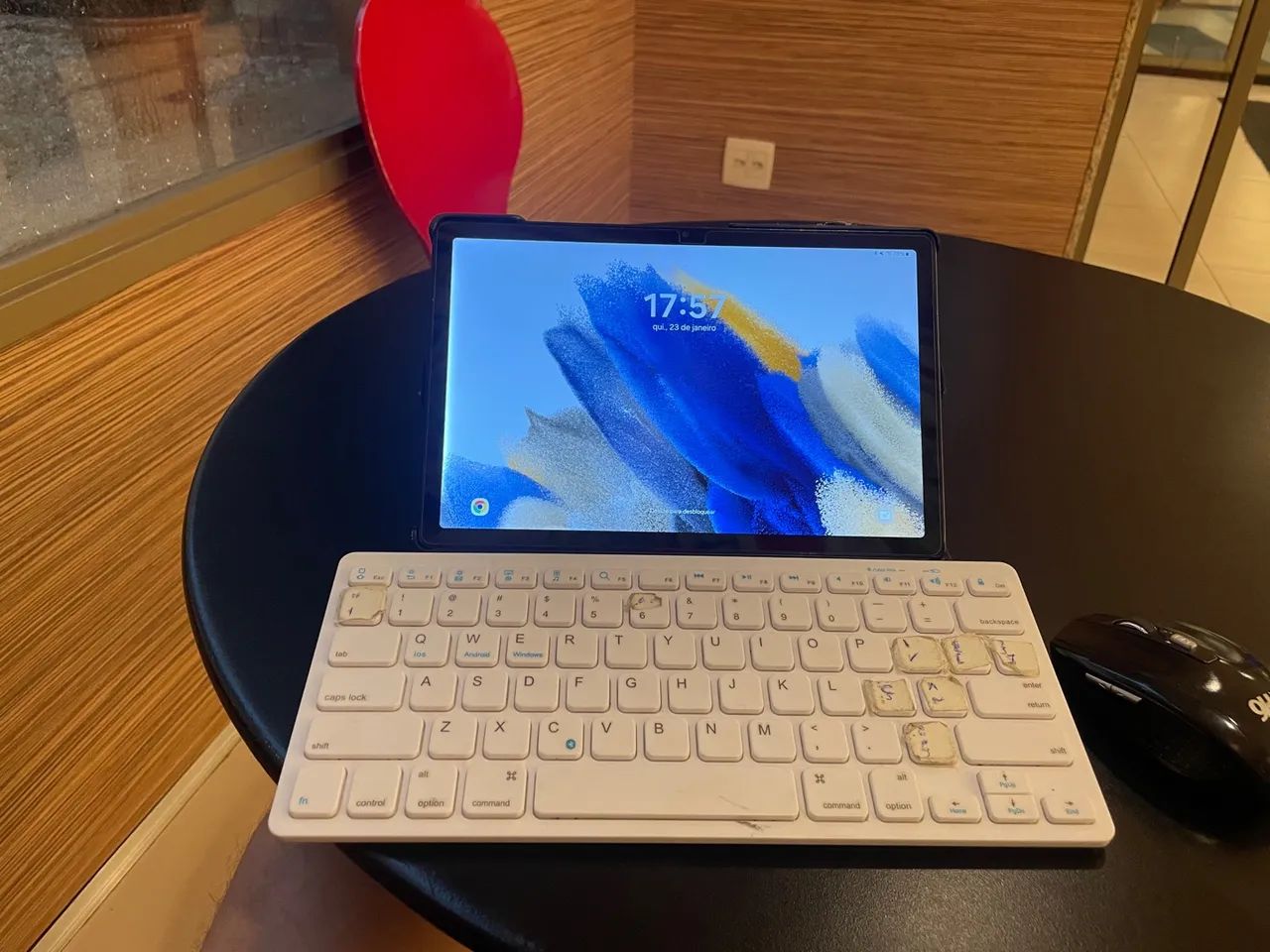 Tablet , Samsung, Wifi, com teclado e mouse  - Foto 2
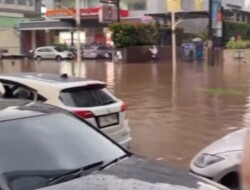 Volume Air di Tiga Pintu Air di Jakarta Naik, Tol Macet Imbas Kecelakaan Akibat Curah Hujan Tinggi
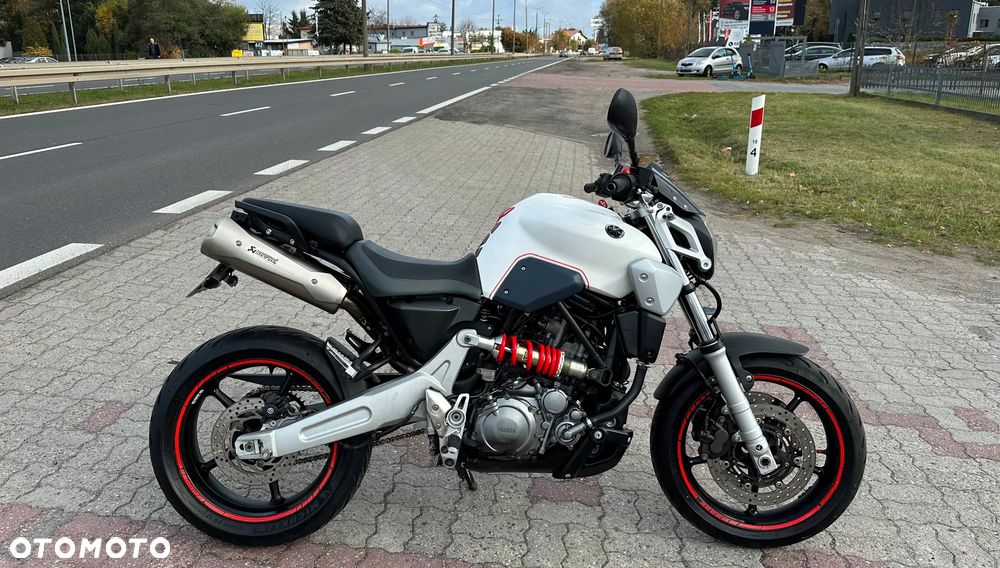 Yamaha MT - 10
------------------------------------
■ Problem to work on ■
Starting at the line that contains "Volume Air di" and ending with the last line of the data, transcribe every line exactly; skip the pictures.

■ Problem solution ■
 Volume Air di Tiga Pintu Air di Jakarta Naik, Tol Macet Imbas Kecelakaan Akibat Curah Hujan Tinggi
 Yamaha MT - 10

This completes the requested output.